LISTED ENTRIES
[Start of section]

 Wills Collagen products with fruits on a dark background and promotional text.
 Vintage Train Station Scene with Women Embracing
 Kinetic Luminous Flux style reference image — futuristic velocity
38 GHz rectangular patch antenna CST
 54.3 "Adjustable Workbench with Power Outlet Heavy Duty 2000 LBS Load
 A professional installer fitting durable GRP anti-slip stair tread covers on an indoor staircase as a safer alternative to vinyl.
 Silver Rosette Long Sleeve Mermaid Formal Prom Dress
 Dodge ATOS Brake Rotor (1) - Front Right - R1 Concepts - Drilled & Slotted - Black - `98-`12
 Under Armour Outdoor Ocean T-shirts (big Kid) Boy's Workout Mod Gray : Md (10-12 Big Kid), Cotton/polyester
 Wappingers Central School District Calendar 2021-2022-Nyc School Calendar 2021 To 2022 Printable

[End of section]
[Start of section]

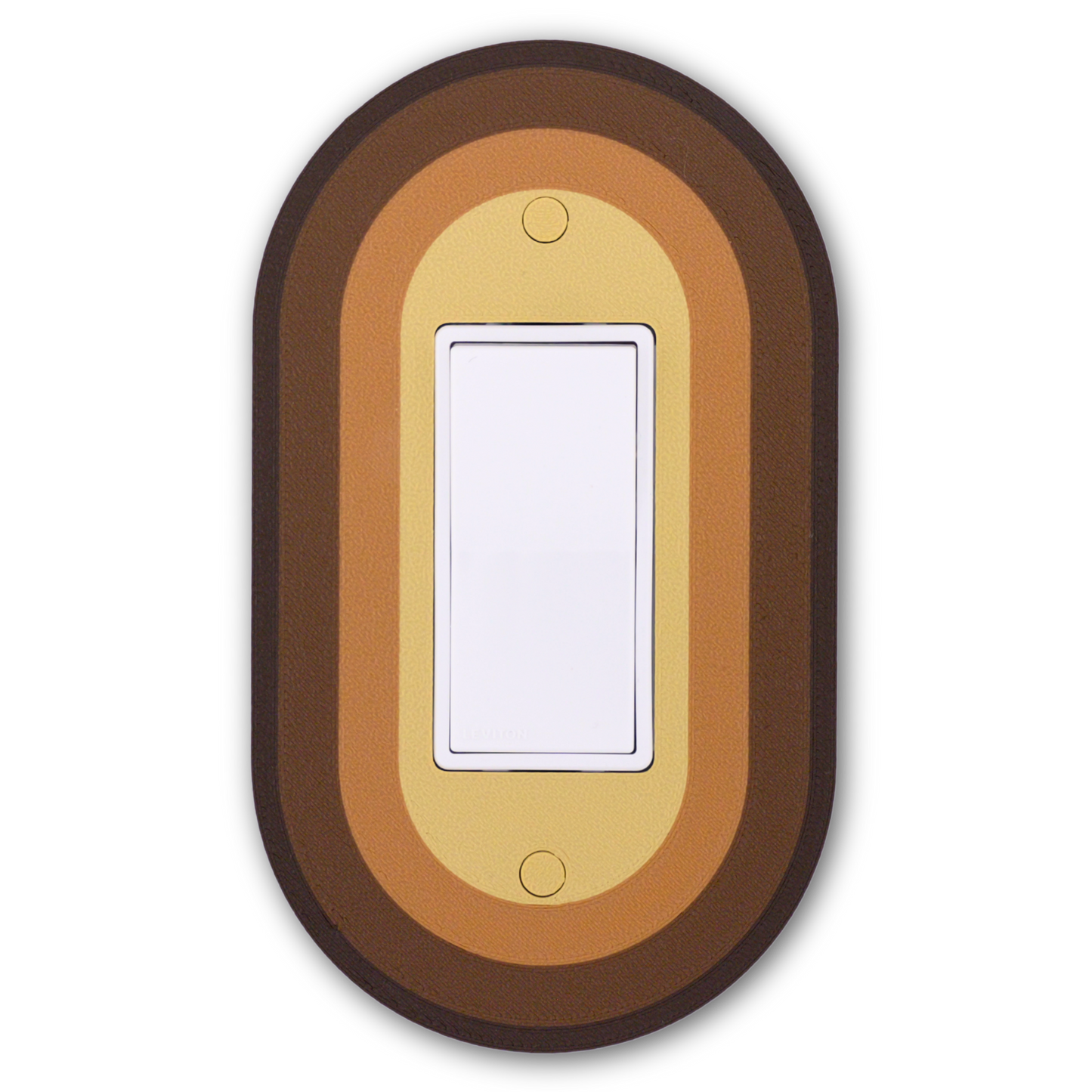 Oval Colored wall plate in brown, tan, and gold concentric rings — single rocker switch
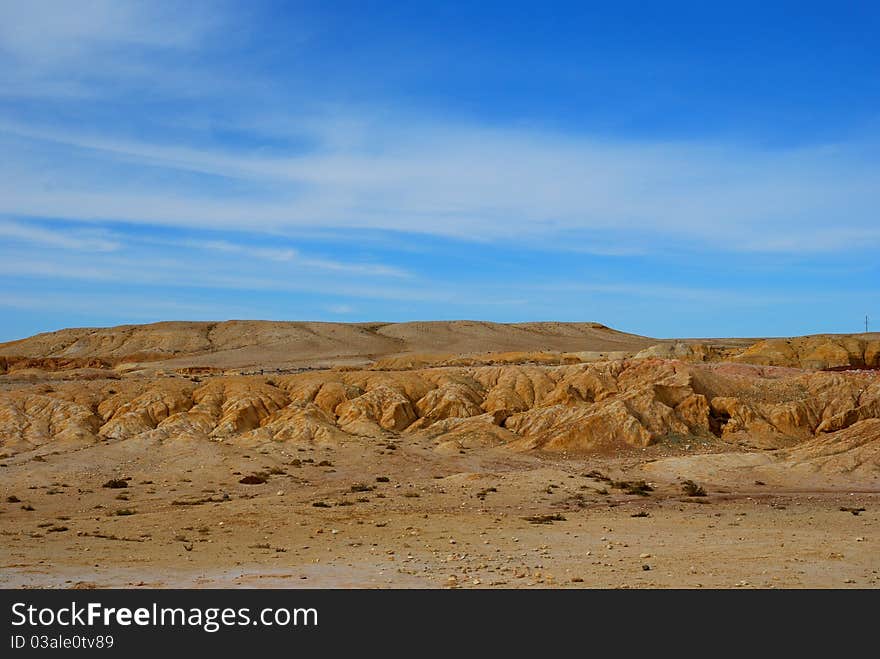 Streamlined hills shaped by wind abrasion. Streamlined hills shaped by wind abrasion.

[End of section]

EXERCISE REQUIREMENTS
Repeat, exactly as they stand above, the lines from the line with "2000 LBS Load" to the line with "Wappingers Central School", both lines included.

EXERCISE ANSWER
 54.3 "Adjustable Workbench with Power Outlet Heavy Duty 2000 LBS Load
 A professional installer fitting durable GRP anti-slip stair tread covers on an indoor staircase as a safer alternative to vinyl.
 Silver Rosette Long Sleeve Mermaid Formal Prom Dress
 Dodge ATOS Brake Rotor (1) - Front Right - R1 Concepts - Drilled & Slotted - Black - `98-`12
 Under Armour Outdoor Ocean T-shirts (big Kid) Boy's Workout Mod Gray : Md (10-12 Big Kid), Cotton/polyester
 Wappingers Central School District Calendar 2021-2022-Nyc School Calendar 2021 To 2022 Printable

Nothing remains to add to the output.